The way in which people can access their defined contribution pension is changing drastically from April 2015. Retirees which are due to take their pension between now and then may consider waiting if they want to take advantage of the new reforms.
From April 6 onwards, you will be able to withdraw money from your defined contribution pension in the same way as you can with a bank account (that is, there is no limit on the amount you can withdraw). This will affect millions of people reaching retirement age. You will no longer be required to purchase an annuity which guarantees a steady income for the rest of your life.
Up to 200,000 people are expected to take advantage of the new rules and cash in their entire pension pot in one go, according to research commissioned by independent financial adviser Hargreaves Lansdown. The government says that the reform will give retirees more flexibility to do what they want with their pension savings, but Labour says this policy has the potential to be "reckless". It is important to avoid these pitfalls to ensure you have a sufficient retirement income to last you for the rest of your life.
1. Don’t “Blow” Your Savings
As you move into retirement, it’s important to enjoy yourself after a lifetime of hard work. Now that it is possible to withdraw your entire pension pot at once, you may start thinking of it as a nice lump sum to treat yourself with. Perhaps you’d like an expensive holiday or new car. You deserve to treat yourself but remember that you saved that money for retirement and if you spend it now, you have nothing to fall back on in the future.

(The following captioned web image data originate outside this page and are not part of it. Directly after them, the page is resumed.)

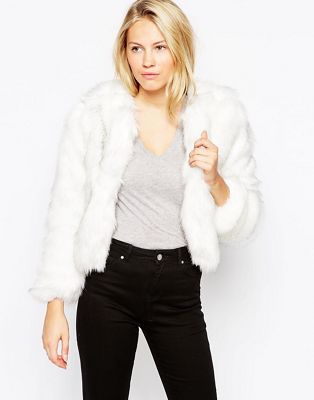 white faux fur cropped jacket
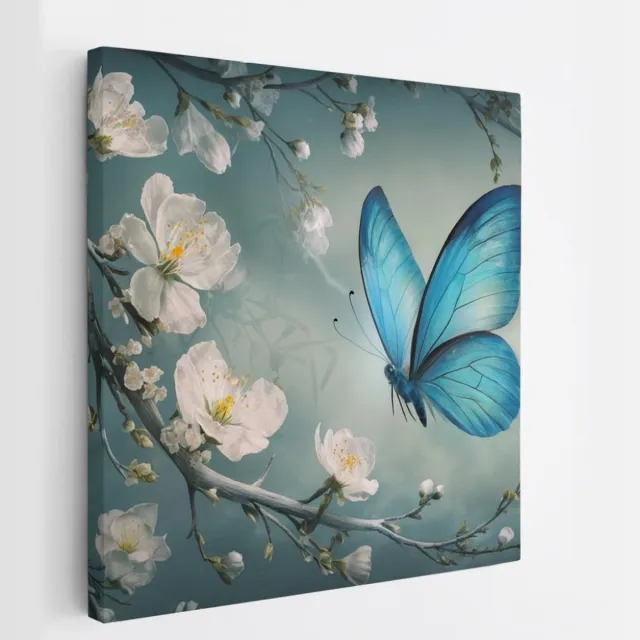 Saammp Canvas Schilderij - Elegante Vlinder - Abstract met Bloesemtakken - 30x30 - Foto op canvas - Wanddecoratie - Muurdecoratie Woonkamer - Kantoor Decoratie multicolor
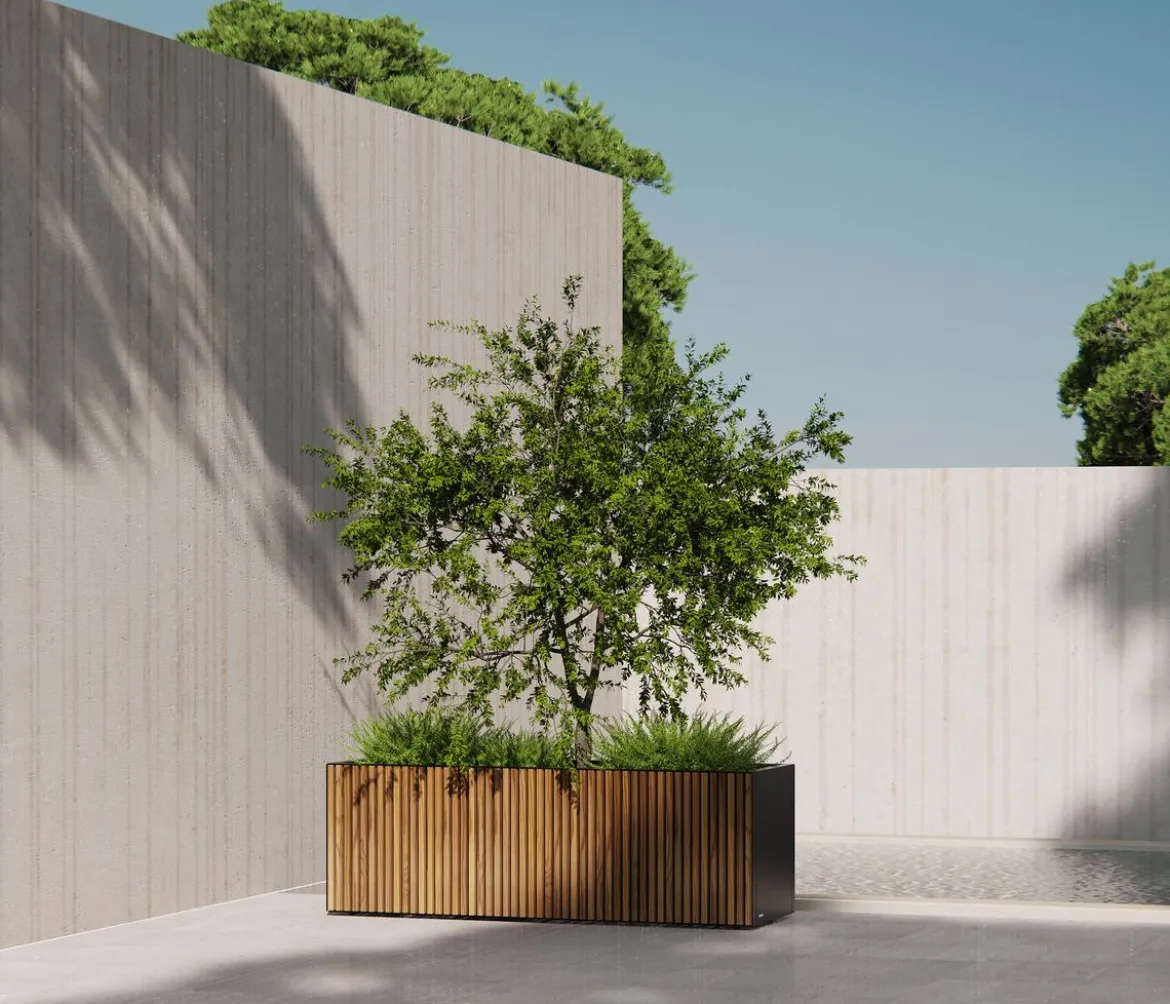 Herstera Metall-Pflanzkasten Deco Planter, rechteckig, schwarz/natur
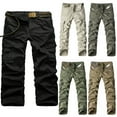 thumbnail image 1 of UVEASISHA Outdoor Cargo Pants for Men Lightweight Hiking Work Pants Loose Straight Leg Tactical Pants Military Combat Pants with Pockets On Sale Today,Khaki,M, 1 of 10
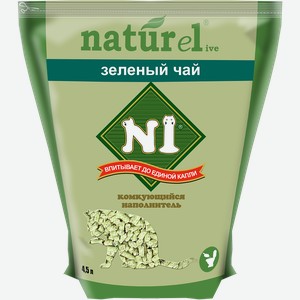Наполнитель N1 NATUReL Зеленый чай Комкующийся 4.5л, 1,75 кг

The new flat-rate state pension will provide just over £7,000. This is much lower than a vast majority of people are used to, so remember that when you are planning to spend your personal income on anything too luxurious.
2. Shocking Tax Bill
This new plan allows people to unlock their pensions completely, but they are not free from tax implications. While you are entitled to 25% tax free, if you withdraw too much at once, you are subject to tax levies. As your pension is viewed as income, anyone taking a large amount in one go might find themselves getting taxed at 40% on some of it. To avoid this, retirees might decide to take it out in small chunks over the years or to stick with an annuity.
3. Investment Scams
Unfortunately, retired people are subject to a lot of investment scam. As people are deciding how best to invest their savings, con artists see an opportunity to take advantage of this lucrative market. Now that many people will be withdrawing a huge lump sum, this will only increase. Make sure you stay alert to any deal that looks too good to be true and seek professional advice before making any hasty decisions.
4. Remaining Annuity Deals may be Less Generous
Millions of people in the UK are being signed up to defined contribution pensions through workplace pension schemes. It is not known at this stage whether the changes will result in better or worse rates for those who do decide to choose an annuity. Less demand for the service may mean that insurance companies aren’t able to offer such good rates. On the other hand, fewer customers may result in annuity providers having to become more competitive. Make sure that you keep an eye on rates over the coming months to make sure that you get the best deal possible.
5. Miss-Selling Threat Increases
A large proportion of people in the UK will save for retirement in a pension organised by an insurance company. This company will more than likely attempt to encourage you to buy one of their services once you reach retirement. Although there is nothing strictly wrong with that, they may not be giving you all the details you require to know if it’s a good deal. As lots of financial firms will be attempting to get hold of your money, sales advisors will begin to overstate what is offered. Fortunately, the sector is regulated, meaning individuals have the opportunity to win compensation if they are miss-sold a product. The government is also making it a requirement that retirees receive some guidance from their pension company.
The new reforms in pensions will have a huge impact. It is not known yet if this will be positive or negative. It is important to stay wary of any scams and to be sensible with your savings. If you do not feel confident with your financial planning skills, make sure you seek some independent financial advice.